QIPS TIPS #34: The Efficient ED Doc
Shari Welch, MD, FACHE, FACEP
Almost every emergency department and physician group contains a physician that is wildly efficient when compared to his partners. Whether this is because he is naturally an operational thinker or multi-tasker, he is more confident in his clinical decisions or whether he takes more risks in clinical practice…it is often hard to pin point. But in emergency medicine there are vast differences in the ability to efficiently process patients in the ED.
In a piece published in the New Yorker titled “Personal Best” Atul Gawande observed that many highly paid professionals employ the services of a personal coach to improve their skills and performance. From the concert violinist to the professional tennis player, the drive and quest for professional improvement becomes a way of life. By comparison, the typical emergency physician, who participates in one of the lengthiest and most expensive education and training regimens, typically gets a two hour orientation to his emergency department and thence begins his professional career. We do very little to enhance practice performance over time.
Though most physicians in a group (and nurses for that matter) can tell you the most efficient physician in the practice, we do little to explore that efficiency. The strategies utilized by these efficient providers are not disseminated by the group or incorporated into individual practices. This is an opportunity lost.
The efficient physician cultivates habits that move him to higher levels of practice efficiency. Two of the most important mantras for the efficient physician are:
- Touch it Once
- Limit Interruptions
“Touch it Once” is a concept borrowed from LEAN manufacturing that employs the notion that a task is most efficiently completed when it is done in one encounter. Examples of this applied to the work of the ED Physician include:
- Check all labs and imaging that are available at the time of a logon
- As you begin sense making and then diagnosing, order all tests at once; avoid constant add-ons
“Limiting Interruptions” can be difficult in the unscheduled environment of the ED but a few ideas that help limit workflow interruptions of the physician:
- Inform the team as to your plan for each patient
- Train staff to avoid interruptions when you are on the phone or performing computer tasks
- Develop non-verbal communication methods to facilitate workflow including computerized cues and visual cues (flags, whiteboard communications, lights etc.)
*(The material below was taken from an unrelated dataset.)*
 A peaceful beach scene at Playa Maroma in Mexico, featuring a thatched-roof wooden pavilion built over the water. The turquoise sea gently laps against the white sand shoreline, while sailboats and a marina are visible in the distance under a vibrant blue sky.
An emergency physician has to be continually assessing and re-assessing his patients to be certain that patient flow and workflow are optimized. Running the board periodically to see what needs to be done is an efficiency strategy for the individual physician. Since the short term memory can only hold 7 items at a time, lists, prompts and reminders are also a good idea for the efficient physician.
A study in the American Journal of Emergency Medicine noted that it takes approximately 1500 hours to maximize work efficiency (measured by RVUs and patients per hour) in a new clinical environment. Then efficiency levels off with little additional improvement over time. Most physician groups do not assess whether a physician has optimized his workflow, and efficiency. And a physician performance coach is unheard of in the ED. But is it an idea whose time has come?
Consider these ideas to improve personal practice performance:
- Catalog the habits of the most efficient physicians in the group and make them available to the practice at large
- Have the most efficient physicians observe other physicians and offer strategic ideas for improving efficiency
- Meet with IT experts to review computer support for workflow and identify at the individual physician level areas where efficiency could be improve
- Retrain on the EMR periodically to make sure that each physician is using the most efficient strategies on the computer to do his/her work
- In particular, explore the possibility of optimizing IT support for workflow in the form of order sets (including discharge prescription sets for the most commonly treated conditions)
- A second monitor makes the user 40% more productive so consider multiple monitors at each computer terminal open to the commonly used applications for the physician with one time logon for each shift
A final idea for emergency physicians is to “Tee Up Discharges”. One of the most reliable assessments in medicine is physician’s blink response to the patient. Emergency physicians are highly reliable at predicting admit/go home, sick/not sick. We are even good at predicting whether a patient will survive an ICU admission or not. Take advantage of this by getting the paperwork ready for a patient you anticipate will go home. This strategy has been noted among efficient emergency physicians.
So each of us can improve our practice in emergency medicine. It requires that we be open to the idea of continuous improvement, coaching, and retraining in the various elements of our practices.